- TASK STATEMENT:
Of the lines in the data below, write out exactly those from the one holding "The image is" through the one holding "Boîte avec produits", both included.

- DATA LISTING:
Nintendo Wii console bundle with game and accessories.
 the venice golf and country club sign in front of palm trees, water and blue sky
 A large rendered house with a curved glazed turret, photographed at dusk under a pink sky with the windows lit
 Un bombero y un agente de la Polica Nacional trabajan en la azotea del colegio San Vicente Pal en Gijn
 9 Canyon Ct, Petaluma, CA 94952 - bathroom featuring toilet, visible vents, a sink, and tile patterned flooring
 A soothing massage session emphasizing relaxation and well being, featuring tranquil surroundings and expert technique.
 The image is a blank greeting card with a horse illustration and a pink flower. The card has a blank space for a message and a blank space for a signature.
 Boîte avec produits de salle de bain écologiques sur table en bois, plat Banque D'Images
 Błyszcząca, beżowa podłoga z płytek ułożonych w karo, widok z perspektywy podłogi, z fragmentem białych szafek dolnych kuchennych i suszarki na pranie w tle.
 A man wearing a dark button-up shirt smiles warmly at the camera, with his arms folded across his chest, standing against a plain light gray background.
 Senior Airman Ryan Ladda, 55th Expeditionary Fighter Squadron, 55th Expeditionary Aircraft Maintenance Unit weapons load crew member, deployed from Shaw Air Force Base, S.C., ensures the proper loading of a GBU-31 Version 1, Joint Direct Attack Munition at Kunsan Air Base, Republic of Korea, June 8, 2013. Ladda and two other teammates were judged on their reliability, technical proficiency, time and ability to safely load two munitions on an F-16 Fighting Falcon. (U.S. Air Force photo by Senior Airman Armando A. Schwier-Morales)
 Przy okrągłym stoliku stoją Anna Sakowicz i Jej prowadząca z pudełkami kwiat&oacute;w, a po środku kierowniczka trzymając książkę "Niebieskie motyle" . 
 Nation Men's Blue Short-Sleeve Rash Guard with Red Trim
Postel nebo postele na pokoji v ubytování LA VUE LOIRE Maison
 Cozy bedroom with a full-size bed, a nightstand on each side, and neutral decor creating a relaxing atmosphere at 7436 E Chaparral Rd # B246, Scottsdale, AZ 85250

- ANSWER SECTION:
 The image is a blank greeting card with a horse illustration and a pink flower. The card has a blank space for a message and a blank space for a signature.
 Boîte avec produits de salle de bain écologiques sur table en bois, plat Banque D'Images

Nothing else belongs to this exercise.